I have been to Colmar twice before, once with Black Cat when she was thirteen (18 years ago) and once with Jean Michel, 14 years ago, when we spent two weeks visiting such lovely little villages as Roquewihr and Haut Koenigsbourg and tasting wine. I remember liking it on both occasions, but am a bit worried that I can’t remember it at all except for one particular place on the canal. Jean Michel only remembers a couple of things as well.
With a little over two hours before sunset, we head straight for the tourist office after checking into our hotel and follow the itinerary proposed in the brochure. A more leisurely visit would have been better just to soak up the atmosphere and appreciate all the lovely half-timbered houes. We are also surprised by how busy the centre is.
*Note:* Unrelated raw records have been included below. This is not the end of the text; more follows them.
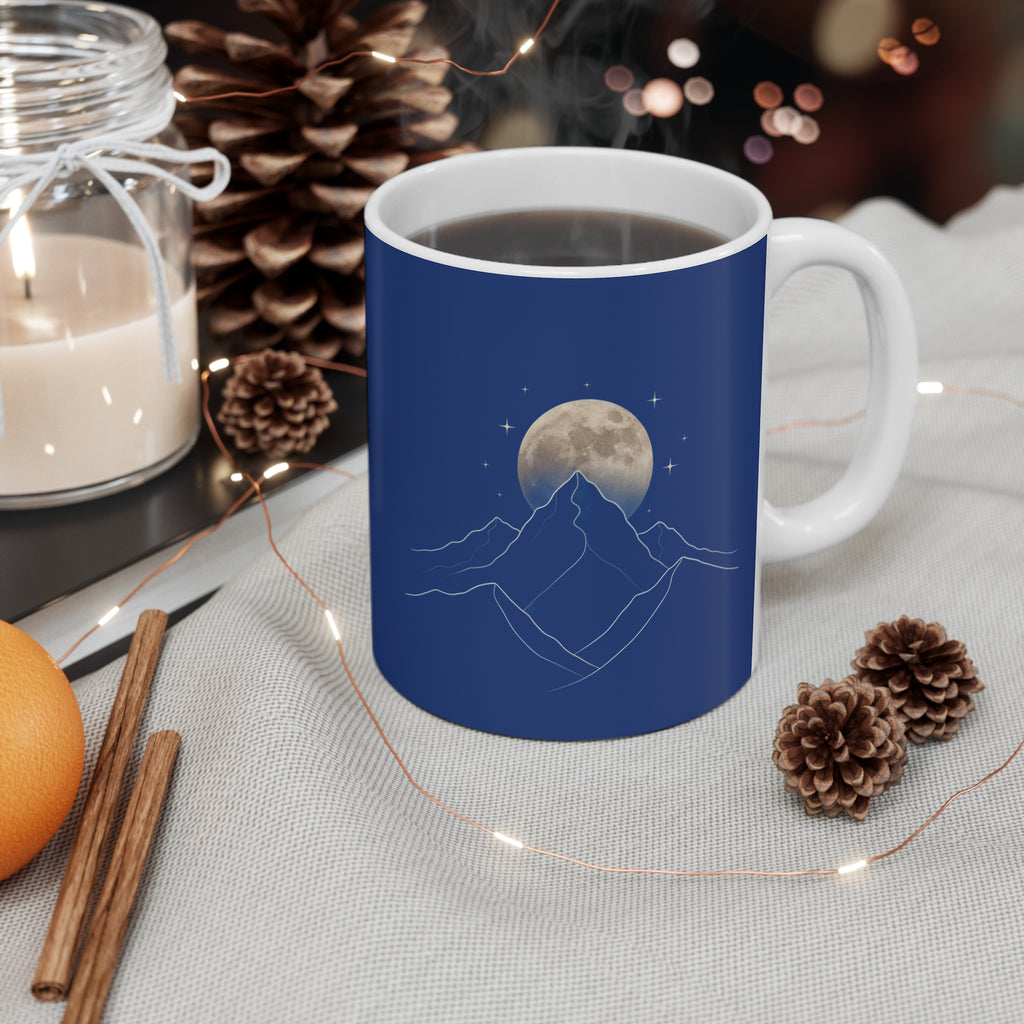 Minimalist line art coffee mug featuring blue design with mountains and moon, surrounded by cozy decorations.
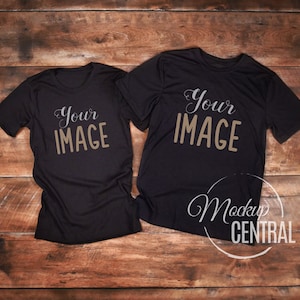 May include: Two black t-shirts laid flat on a wooden surface. The t-shirts have the text "Your Image" printed on them.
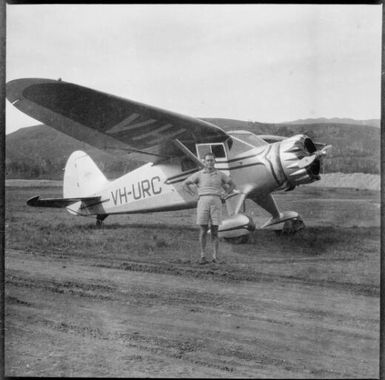 E.W.P. Chinnery standing beside a mono-plane, VH-URC, New Guinea, ca. 1936 / Sarah Chinnery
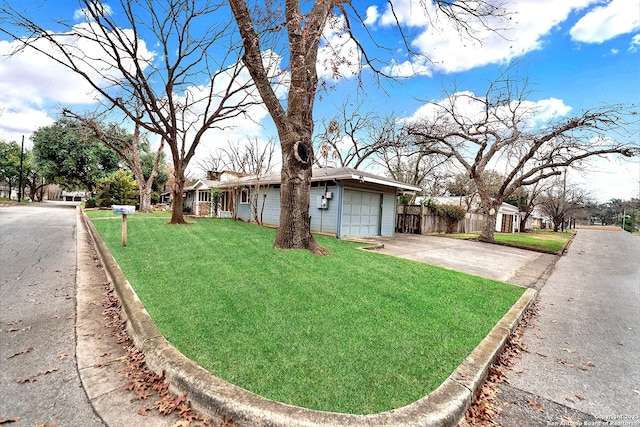 view of front of house with a garage and a front yard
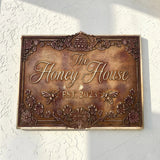 Decorative address sign for 'The Honey House' with floral and bee designs on a white wall.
Lots of school children and their parents suddenly flood the streets.
At 6.30 pm, we have finished the tour and can have a well-earned glass of local riesling and a flammekeusche, the thin-crust onion, bacon and cream tart so popular in the area.
We find another venue for dinner and another well-known local dish: sauerkraut, pork and potatoes followed by an ice-cream kugelhof. By now, the streets are nearly deserted.